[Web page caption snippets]

────────────────────

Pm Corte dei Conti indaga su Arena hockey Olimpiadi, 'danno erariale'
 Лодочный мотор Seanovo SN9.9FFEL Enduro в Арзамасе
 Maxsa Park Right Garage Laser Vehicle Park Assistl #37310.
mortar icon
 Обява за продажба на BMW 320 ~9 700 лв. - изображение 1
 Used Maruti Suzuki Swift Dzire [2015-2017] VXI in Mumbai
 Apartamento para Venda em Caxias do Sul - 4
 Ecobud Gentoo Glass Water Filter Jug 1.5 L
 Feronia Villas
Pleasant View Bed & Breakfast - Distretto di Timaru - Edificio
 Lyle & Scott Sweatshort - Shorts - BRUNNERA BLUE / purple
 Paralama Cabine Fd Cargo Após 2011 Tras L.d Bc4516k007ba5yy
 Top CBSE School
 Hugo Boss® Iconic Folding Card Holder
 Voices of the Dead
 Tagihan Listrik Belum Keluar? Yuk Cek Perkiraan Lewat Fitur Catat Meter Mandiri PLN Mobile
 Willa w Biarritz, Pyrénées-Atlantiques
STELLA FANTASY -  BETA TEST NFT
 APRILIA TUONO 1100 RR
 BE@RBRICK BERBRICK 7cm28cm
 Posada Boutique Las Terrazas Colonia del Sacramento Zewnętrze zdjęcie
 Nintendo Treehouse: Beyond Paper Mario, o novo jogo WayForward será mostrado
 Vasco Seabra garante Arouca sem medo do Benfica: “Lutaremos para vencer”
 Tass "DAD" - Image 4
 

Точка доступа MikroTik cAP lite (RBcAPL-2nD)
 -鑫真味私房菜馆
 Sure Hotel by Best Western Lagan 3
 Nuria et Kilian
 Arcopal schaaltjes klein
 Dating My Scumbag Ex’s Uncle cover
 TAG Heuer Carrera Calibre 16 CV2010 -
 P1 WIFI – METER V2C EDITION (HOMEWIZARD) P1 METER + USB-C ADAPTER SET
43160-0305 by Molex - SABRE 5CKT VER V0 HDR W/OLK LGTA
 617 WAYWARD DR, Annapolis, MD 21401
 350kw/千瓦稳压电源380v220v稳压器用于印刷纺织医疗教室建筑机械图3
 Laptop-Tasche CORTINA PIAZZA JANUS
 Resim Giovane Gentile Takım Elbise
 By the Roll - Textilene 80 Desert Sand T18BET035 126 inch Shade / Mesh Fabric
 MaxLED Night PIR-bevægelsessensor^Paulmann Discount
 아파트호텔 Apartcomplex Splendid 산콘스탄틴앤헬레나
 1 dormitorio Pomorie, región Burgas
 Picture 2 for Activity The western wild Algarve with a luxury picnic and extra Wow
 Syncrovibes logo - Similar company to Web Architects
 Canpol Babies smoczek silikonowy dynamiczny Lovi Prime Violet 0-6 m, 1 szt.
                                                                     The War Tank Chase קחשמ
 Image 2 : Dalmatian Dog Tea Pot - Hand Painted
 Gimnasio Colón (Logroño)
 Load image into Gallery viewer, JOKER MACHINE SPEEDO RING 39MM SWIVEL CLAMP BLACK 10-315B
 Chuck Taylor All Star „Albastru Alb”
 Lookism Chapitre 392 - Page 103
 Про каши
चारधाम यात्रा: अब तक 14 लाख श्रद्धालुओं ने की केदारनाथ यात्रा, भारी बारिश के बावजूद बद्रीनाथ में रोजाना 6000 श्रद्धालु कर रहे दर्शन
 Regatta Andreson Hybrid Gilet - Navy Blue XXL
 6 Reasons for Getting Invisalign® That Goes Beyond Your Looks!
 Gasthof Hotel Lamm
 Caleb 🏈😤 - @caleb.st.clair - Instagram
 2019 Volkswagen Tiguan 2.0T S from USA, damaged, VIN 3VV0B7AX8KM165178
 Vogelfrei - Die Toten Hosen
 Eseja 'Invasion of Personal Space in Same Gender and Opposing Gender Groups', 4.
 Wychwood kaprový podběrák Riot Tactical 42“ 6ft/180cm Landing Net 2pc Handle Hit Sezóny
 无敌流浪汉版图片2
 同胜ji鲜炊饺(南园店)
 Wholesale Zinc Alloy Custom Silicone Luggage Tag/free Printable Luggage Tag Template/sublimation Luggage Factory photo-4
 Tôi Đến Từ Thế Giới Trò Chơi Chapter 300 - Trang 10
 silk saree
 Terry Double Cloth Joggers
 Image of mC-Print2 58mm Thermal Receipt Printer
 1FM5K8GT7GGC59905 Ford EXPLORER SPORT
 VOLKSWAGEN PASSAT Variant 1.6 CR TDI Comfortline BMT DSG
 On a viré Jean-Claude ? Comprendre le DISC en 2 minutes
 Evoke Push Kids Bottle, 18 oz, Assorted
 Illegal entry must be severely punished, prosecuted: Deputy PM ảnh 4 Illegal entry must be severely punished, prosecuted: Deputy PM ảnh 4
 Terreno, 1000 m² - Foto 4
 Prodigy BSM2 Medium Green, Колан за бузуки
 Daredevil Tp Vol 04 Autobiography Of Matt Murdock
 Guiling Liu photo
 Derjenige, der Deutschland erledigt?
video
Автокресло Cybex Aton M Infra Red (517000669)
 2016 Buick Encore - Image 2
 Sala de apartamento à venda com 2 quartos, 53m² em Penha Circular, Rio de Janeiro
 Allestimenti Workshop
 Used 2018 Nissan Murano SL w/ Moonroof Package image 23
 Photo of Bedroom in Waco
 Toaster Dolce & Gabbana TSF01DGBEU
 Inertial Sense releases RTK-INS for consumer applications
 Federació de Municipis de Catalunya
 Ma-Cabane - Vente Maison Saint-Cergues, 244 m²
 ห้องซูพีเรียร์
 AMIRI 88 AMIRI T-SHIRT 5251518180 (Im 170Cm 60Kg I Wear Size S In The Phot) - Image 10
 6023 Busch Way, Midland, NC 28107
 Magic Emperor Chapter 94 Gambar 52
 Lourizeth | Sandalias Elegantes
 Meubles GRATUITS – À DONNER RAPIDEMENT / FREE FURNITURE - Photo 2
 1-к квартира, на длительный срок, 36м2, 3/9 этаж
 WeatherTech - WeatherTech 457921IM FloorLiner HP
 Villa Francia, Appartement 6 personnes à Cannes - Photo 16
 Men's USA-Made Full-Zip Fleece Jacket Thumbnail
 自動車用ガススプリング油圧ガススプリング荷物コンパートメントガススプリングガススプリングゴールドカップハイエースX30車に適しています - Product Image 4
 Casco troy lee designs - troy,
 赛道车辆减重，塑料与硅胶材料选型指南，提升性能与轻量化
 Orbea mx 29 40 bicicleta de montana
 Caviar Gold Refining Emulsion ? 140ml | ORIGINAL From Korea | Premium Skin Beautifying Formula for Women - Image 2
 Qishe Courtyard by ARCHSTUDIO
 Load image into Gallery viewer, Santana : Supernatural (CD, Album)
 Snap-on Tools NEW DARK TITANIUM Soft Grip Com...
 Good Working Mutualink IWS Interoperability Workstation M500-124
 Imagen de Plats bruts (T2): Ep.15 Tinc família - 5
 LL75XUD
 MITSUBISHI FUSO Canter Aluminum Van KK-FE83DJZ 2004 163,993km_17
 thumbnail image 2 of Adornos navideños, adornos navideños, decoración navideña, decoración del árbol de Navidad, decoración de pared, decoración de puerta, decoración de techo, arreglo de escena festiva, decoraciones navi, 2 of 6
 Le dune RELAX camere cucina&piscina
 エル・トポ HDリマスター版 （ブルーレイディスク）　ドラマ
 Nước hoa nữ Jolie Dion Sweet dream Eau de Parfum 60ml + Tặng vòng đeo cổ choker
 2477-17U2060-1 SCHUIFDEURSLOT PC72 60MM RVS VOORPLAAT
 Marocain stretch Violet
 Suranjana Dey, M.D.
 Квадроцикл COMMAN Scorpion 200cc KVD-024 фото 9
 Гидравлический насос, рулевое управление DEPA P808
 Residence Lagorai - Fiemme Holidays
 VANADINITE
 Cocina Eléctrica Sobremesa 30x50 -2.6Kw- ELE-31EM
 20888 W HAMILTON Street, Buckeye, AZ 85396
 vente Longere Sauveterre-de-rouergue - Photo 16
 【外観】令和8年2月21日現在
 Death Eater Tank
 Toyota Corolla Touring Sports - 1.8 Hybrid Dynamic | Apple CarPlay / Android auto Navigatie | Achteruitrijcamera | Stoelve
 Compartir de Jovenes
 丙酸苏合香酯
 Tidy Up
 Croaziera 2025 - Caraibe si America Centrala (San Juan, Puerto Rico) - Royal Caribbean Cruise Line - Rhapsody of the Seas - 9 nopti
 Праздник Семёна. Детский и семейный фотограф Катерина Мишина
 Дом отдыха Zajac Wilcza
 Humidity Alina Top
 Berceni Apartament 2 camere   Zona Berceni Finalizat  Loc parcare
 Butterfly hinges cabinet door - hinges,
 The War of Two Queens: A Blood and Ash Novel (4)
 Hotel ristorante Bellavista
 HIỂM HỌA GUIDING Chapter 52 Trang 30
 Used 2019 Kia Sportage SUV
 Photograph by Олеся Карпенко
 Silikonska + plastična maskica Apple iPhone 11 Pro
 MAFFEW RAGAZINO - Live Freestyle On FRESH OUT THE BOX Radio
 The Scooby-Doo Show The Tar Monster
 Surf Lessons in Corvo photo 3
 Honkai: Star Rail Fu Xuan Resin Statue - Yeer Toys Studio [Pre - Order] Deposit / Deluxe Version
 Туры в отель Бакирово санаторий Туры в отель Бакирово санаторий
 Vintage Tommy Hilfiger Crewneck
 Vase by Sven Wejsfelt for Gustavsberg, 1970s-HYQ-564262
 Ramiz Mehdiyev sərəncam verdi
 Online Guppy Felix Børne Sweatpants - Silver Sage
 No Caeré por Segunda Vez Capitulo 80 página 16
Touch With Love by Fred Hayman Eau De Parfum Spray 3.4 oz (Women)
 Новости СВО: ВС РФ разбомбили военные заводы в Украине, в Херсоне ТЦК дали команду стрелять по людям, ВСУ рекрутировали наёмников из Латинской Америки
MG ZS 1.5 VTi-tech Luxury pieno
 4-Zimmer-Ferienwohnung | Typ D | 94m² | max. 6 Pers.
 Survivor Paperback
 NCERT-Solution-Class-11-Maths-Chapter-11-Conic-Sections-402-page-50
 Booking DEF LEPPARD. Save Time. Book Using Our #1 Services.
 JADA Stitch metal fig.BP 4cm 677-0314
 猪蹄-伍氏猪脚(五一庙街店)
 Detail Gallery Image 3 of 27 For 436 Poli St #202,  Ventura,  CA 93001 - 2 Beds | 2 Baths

────────────────────

▶ Prompt: All that belongs in the answer is the run of lines above from the line containing "20888 W HAMILTON Street, Buckeye, AZ 85396" through the line containing "HIỂM HỌA GUIDING Chapter 52 Trang 30", exactly as written.

▶ Answer area:
 20888 W HAMILTON Street, Buckeye, AZ 85396
 vente Longere Sauveterre-de-rouergue - Photo 16
 【外観】令和8年2月21日現在
 Death Eater Tank
 Toyota Corolla Touring Sports - 1.8 Hybrid Dynamic | Apple CarPlay / Android auto Navigatie | Achteruitrijcamera | Stoelve
 Compartir de Jovenes
 丙酸苏合香酯
 Tidy Up
 Croaziera 2025 - Caraibe si America Centrala (San Juan, Puerto Rico) - Royal Caribbean Cruise Line - Rhapsody of the Seas - 9 nopti
 Праздник Семёна. Детский и семейный фотограф Катерина Мишина
 Дом отдыха Zajac Wilcza
 Humidity Alina Top
 Berceni Apartament 2 camere   Zona Berceni Finalizat  Loc parcare
 Butterfly hinges cabinet door - hinges,
 The War of Two Queens: A Blood and Ash Novel (4)
 Hotel ristorante Bellavista
 HIỂM HỌA GUIDING Chapter 52 Trang 30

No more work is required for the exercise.